The principle of maximum likelihood provides a unified approach to estimating parameters of the distribution given sample data. Although ML estimators $\hat{\theta}_n$ are not in general unbiased, they possess a number of desirable asymptotic properties:
- consistency: $\hat{\theta}_n \stackrel{n \to \infty}{\to} \theta$
- normality: $ \hat{\theta}_n \sim \mathcal{N}( \theta, \Sigma )$, where $\Sigma^{-1}$ is the Fisher information matrix.
- efficiency: $\mathbb{Var}(\hat{\theta}_n)$ approaches Cramer-Rao lower bound.
Also see Michael Hardy's article "An illuminating counterexample" in AMM for examples when biased estimators prove superior to the unbiased ones.
Added
The above asymptotic properties hold under certain regularity conditions. Consistency holds if
- parameters identify the model (this ensure existence of the unique global maximum of the log-likelihood function)
- parameter space of the model is compact,
- log-likelihood function is continuous function of parameters for almost all $x$,
- log-likelihood is dominated by an integrable function for all values of parameters.

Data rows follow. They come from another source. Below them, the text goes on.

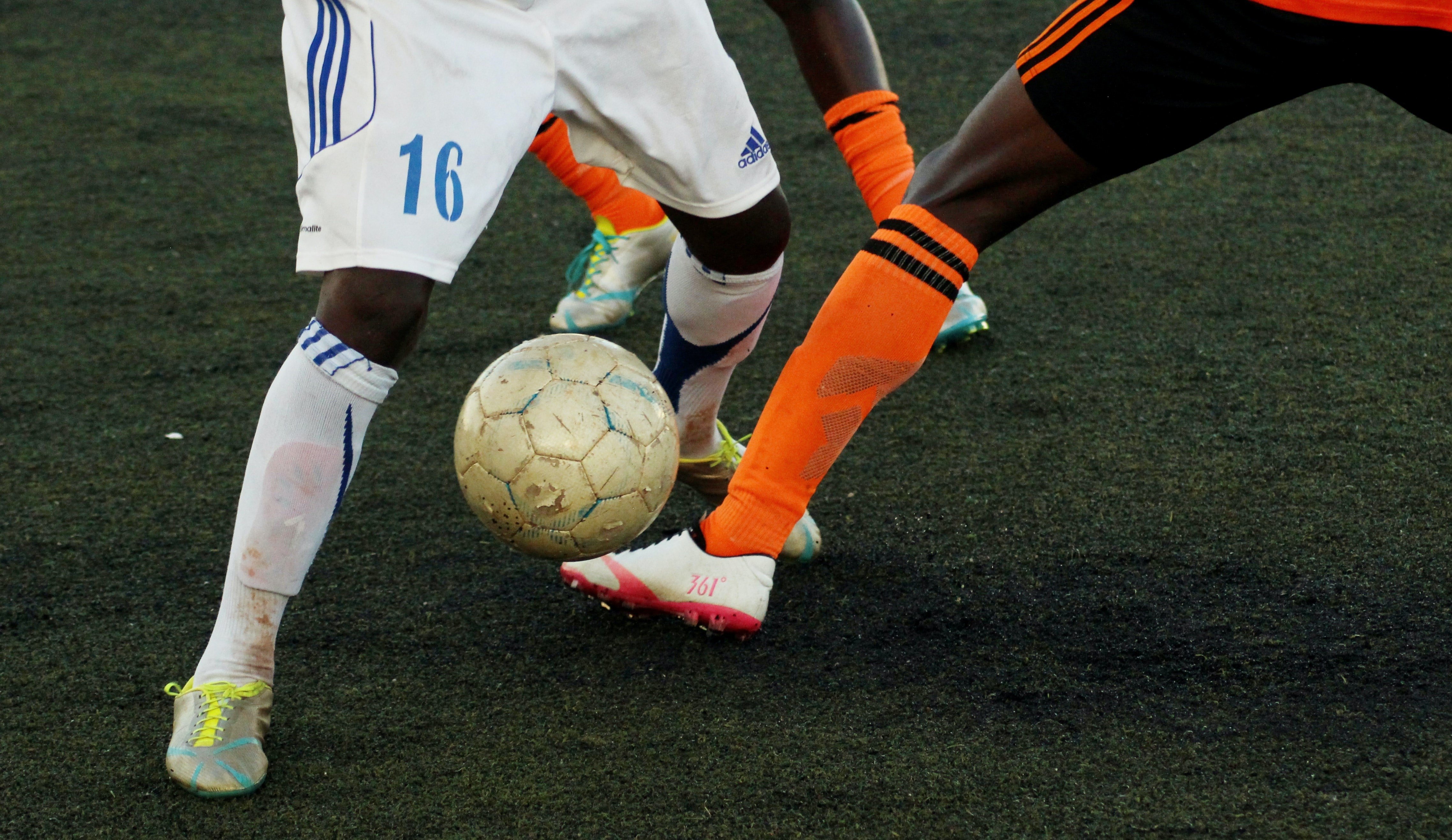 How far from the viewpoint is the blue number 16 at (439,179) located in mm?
1759

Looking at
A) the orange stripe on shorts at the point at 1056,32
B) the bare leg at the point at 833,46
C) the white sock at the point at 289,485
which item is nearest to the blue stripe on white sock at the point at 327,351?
the white sock at the point at 289,485

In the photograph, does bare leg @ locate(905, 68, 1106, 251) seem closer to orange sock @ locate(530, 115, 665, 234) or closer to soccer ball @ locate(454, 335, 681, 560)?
soccer ball @ locate(454, 335, 681, 560)

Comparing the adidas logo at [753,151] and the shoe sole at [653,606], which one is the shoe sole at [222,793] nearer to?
the shoe sole at [653,606]

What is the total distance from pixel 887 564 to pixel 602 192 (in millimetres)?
1468

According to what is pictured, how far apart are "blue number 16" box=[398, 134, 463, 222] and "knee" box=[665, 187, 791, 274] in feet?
1.56

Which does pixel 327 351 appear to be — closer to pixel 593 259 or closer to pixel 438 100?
pixel 438 100

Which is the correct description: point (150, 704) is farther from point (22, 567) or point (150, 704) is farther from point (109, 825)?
point (22, 567)

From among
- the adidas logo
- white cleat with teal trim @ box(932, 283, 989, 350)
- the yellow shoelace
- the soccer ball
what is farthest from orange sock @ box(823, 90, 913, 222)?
the yellow shoelace

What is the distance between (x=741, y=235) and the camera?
7.18ft

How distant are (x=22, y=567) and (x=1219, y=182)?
11.0 feet

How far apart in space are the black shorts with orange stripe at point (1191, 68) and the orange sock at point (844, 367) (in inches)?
10.2

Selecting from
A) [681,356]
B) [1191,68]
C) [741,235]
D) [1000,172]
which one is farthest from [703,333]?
[1191,68]

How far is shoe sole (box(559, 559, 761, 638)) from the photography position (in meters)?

Asymptotic normality holds if
- the estimated parameters are away from the boundary of the parameter domain,
- distribution domain does not depend on distribution parameters $\theta$,
- the number of nuisance parameters does not depend on the sample size
Unbiasedness is overrated by non-statisticians. Sometimes unbiasedness is a very bad thing. Here's a paper I wrote showing an example in which use of an unbiased estimator is disastrous, whereas the MLE is merely bad, and a Bayesian estimator that's more biased than the MLE is good.
Direct link to the pdf file: http://arxiv.org/pdf/math/0206006.pdf
(Now I see Sasha already cited this paper.)